We talk a lot about “sustainable development” in the conservation arena. The notion that human progress need not impair or impede the natural order of our rivers is perhaps one of more attractive ideals within the growth and development fields. And, make no mistake, we have the ability to protect our watersheds while we continue to make life better for everyone.
But, for a variety of reasons, we don’t often achieve this ideal. Protecting rivers can be expensive and, frankly, inconvenient. Sometimes, in the name of progress, we allow rivers and their fish to be impacted by progress, and we lose our riparian resources, sometimes forever.
The film above from the Arctic Silver team in Norway is a reminder that, even when progress does have a negative impact on fish, steps can be taken to repair and rejuvenate our waters.
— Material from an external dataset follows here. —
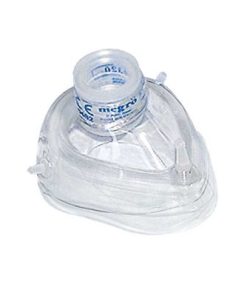 Resuscitator Mask -size 00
The Beiarn River is on the mend again, thanks to an effort remove or improve unnecessary fish barriers. Atlantic salmon are coming back to the river and spawning naturally, a joyous outcome based on real efforts to achieve “sustainable development.”
We can point to our own Penobscot River in Maine where century-old dams blocked fish passage to 1,000 miles of spawning and rearing habitat for salmon, striped bass, sturgeon, herring and shad. It’s a retroactive effort at sustainable living that recognizes the life of a river. The same could be said for the Elwha River in Washington where salmon and steelhead are recolonizing spawning habitat after a dam removal.
We’re living in an exciting time, when fisheries experts and communities are seeing the benefits of a true, living rivers. Let’s hope this time continues.